Samstagmorgen, Buenavista wirkt noch ziemlich verschlafen. Vor dem Ayuntamiento bereiten sich die Helfer von Abeque auf den heutigen Einsatz im Barranco de Masca vor. Für die meisten ist es nicht der erste. Unter den Anfängern befinde auch ich mich. Der größte Teil der schließlich 29 Personen umfassenden Gruppe kommt mit langen Lanzas, den kanarischen Bergstangen, die man für den Salto del Pastor braucht. Kein Wunder: Die meisten von ihnen haben in der Gruppe Tagoror Chiregua, die im Orotava-Tal zu Hause ist, diese kunstvolle Art der Fortbewegung im steilen Gelände gelernt. Vor Ort wird sich sehr bald zeigen, wie gut angepasst an die steilen Barrancowände diese Technik ist. Außerdem kann man eine Lanza sehr wirkungsvoll als Hebel benutzen, wenn eine Graspflanze sich nicht aus dem Boden ziehen lässt.

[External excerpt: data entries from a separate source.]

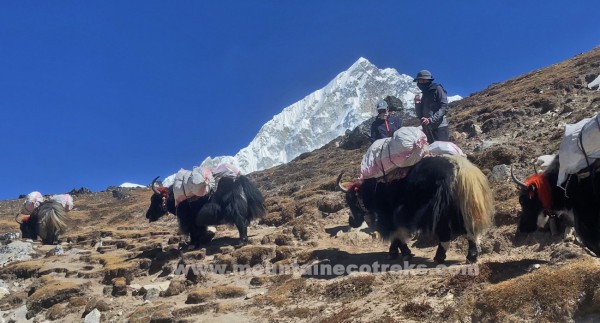 Everest Base Camp Short Trek 10 Days: Itinerary, Cost & Complete Guide
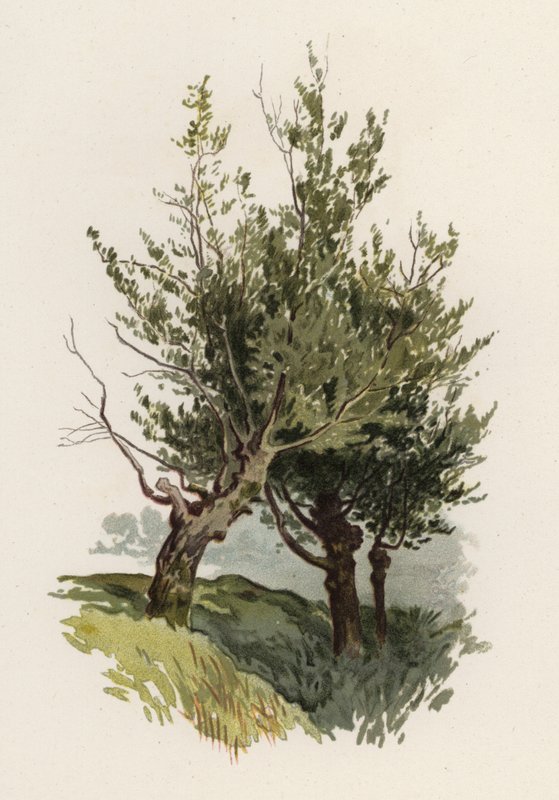 Drzewa: Wierzba (kolor lito) autorstwa William Henry James (after) Boot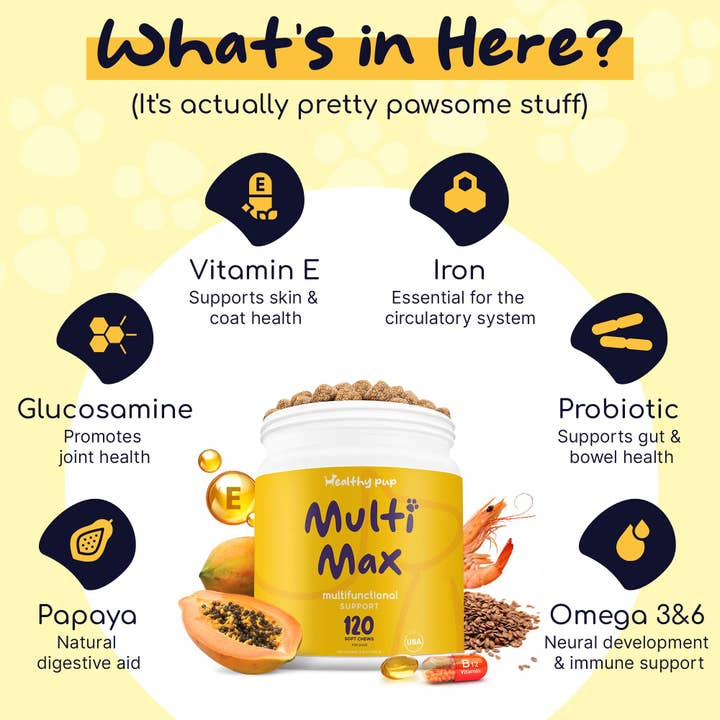 Chew + Heal - Wholesale Pet Supplement - Dog - Healthy Pup Multi Max All-In-One Dog Multivitamin, 120 count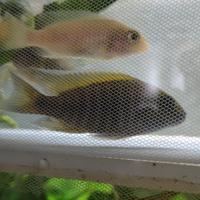 Ciclidi africani aulonocara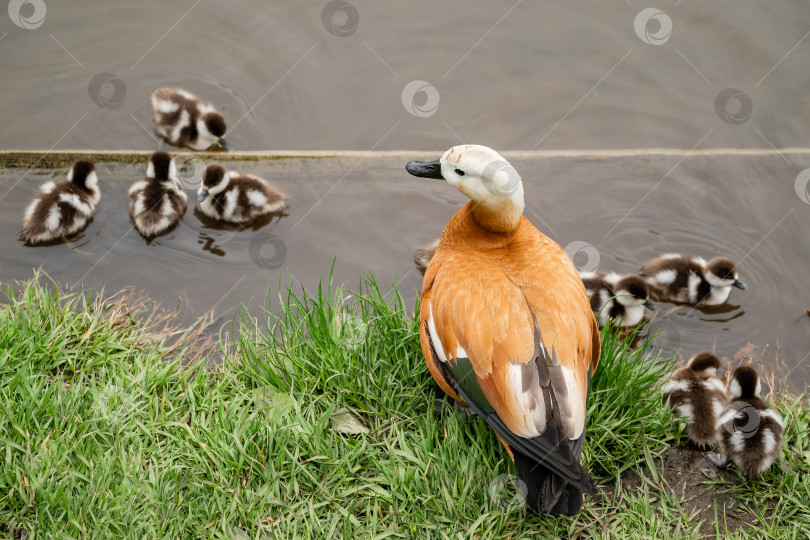 Скачать Красноперка (Tadorna ferruginea duck) с маленькими утятами, плавающими в пруду, крупным планом фотосток Ozero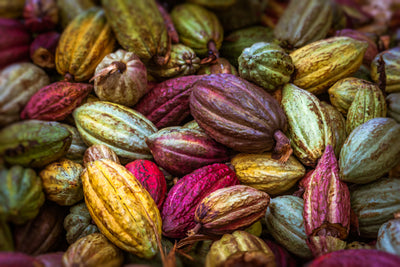 A deeper look at the story & science beyond cacao varieties.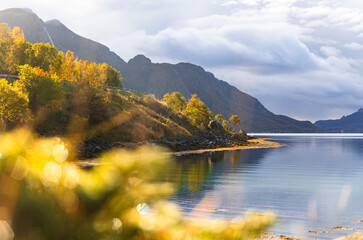 Beautiful autumn landscape of fjords in Lofoten islands, Norway. Synny day in arctic fall. Seasonal scenery of Scandinavia, Northern Europe.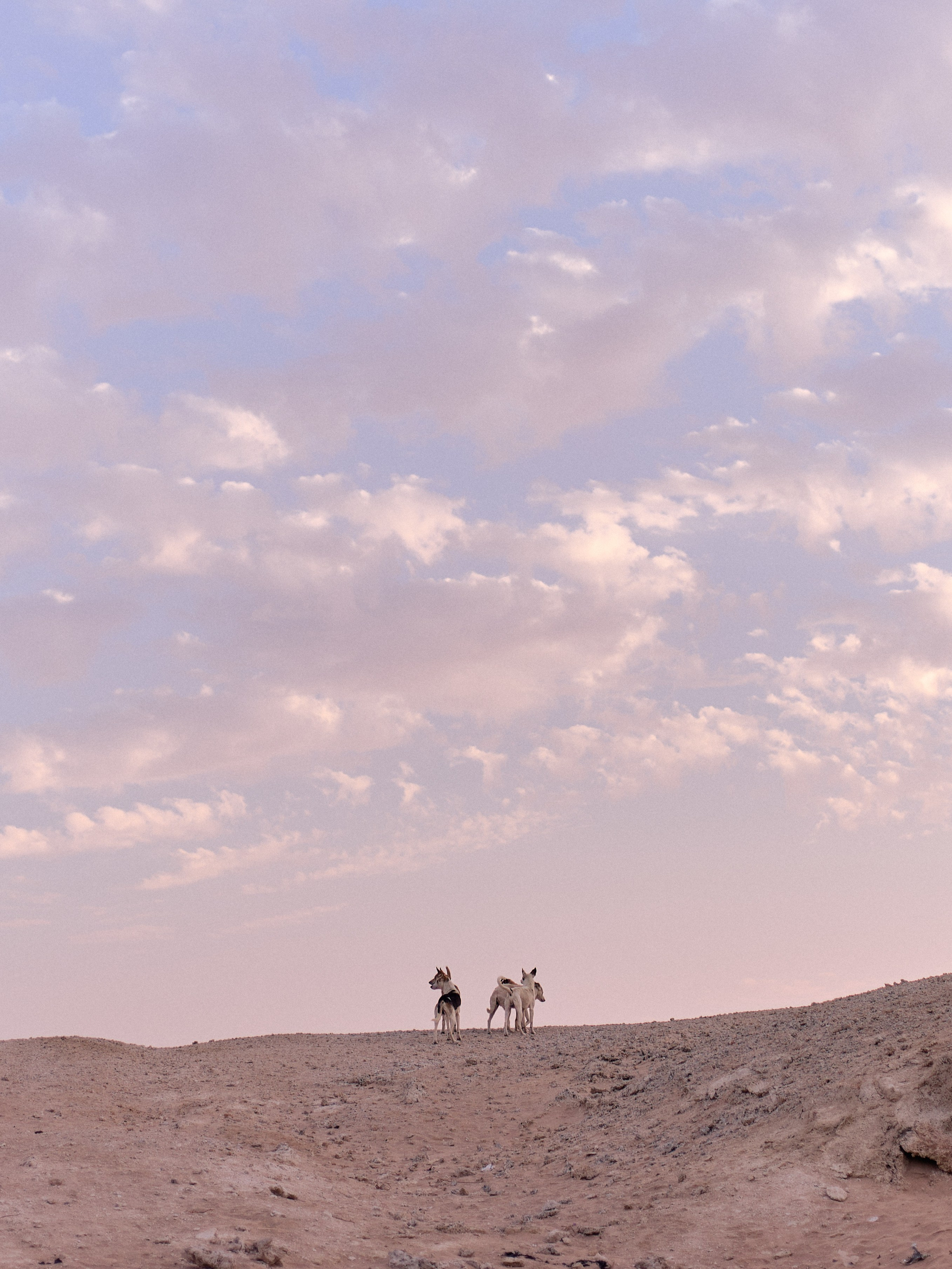 Другое 4. Jorgis — фотограф в Хургаде / обучение фотографии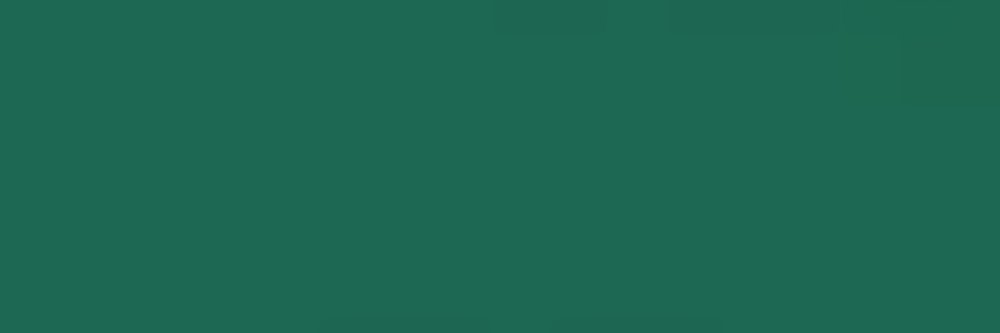 Twizzy Rich banner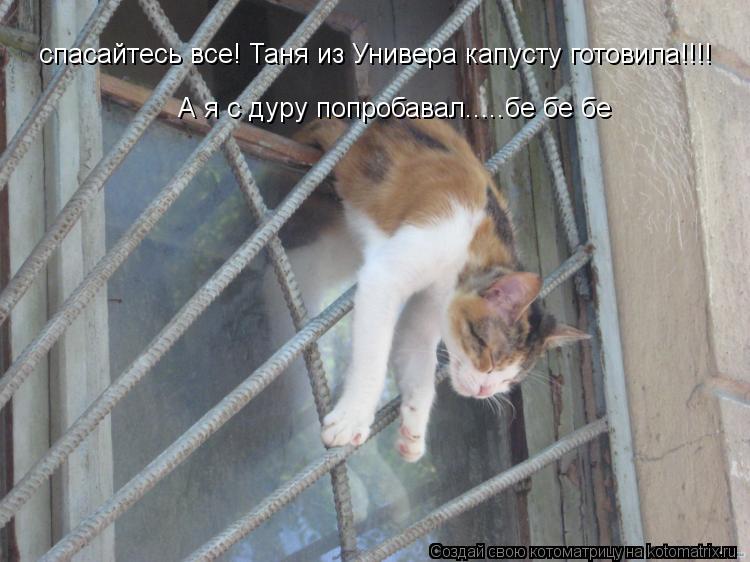 Котоматрица: спасайтесь все! Таня из Универа капусту готовила!!!! А я с дуру попробавал.....бе бе бе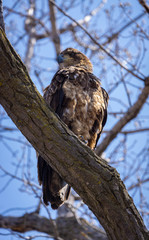 Young Bald Eagle 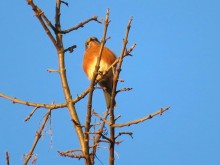 Eastern Bluebird.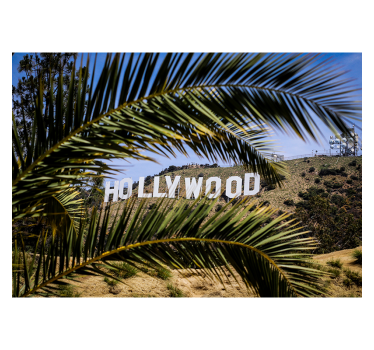 Hollywood Zeichen und Palme Fototapete Städte - TenStickers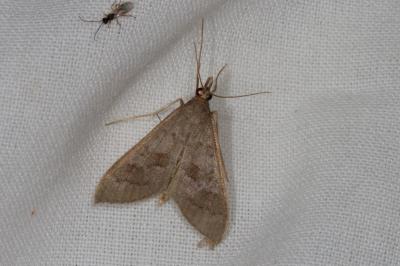 <i>Mecyna asinalis</i>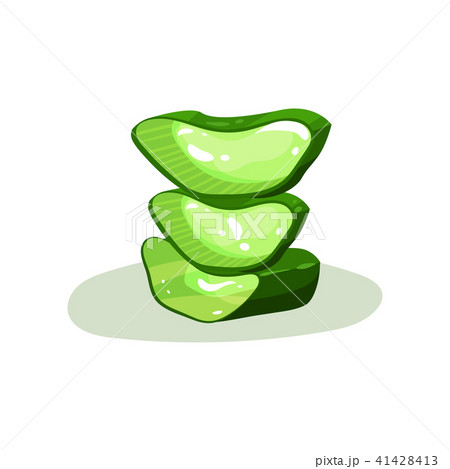 Three green pieces of aloe vera. Natural ingredient for cosmetic products. Botanical theme. Flat 41428413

Aber noch sind wir in der Vorbereitung. Jeder bekommt eine kleine Hacke und eine Plastiktüte, die wiederum in einen stabilen Sack gesteckt wird. In der Tüte sollen die Ähren der Graspflanzen gesammelt werden, bevor die Pflanze selbst gerodet wird. Solch eine Ähre hat Hunderte von Samen. Jede Pflanze kann also Tausende Nachkommen erzeugen – nicht nur in ihrer Umgebung; denn die leichten federigen Samen fliegen mit dem Wind kilometerweit. Deswegen müssen als Erstes die Ähren entfernt und in der Tüte gesammelt werden, damit man beim anschließenden Roden nicht die Samen verstreut und so ungewollt den Eindringling noch weiter verbreitet. Die verschlossene Tüte kommt in den Schutzsack. Sie darf kein Loch bekommen, durch das unbemerkt Samen ausgestreut werden könnten. Am Ende der Aktion sollen dann alle Ähren gemeinsam der Verbrennung zugeführt werden. Ohne ihre Ähren legt man die ausgerissenen Gräser zum Vertrocknen auf einen Stein.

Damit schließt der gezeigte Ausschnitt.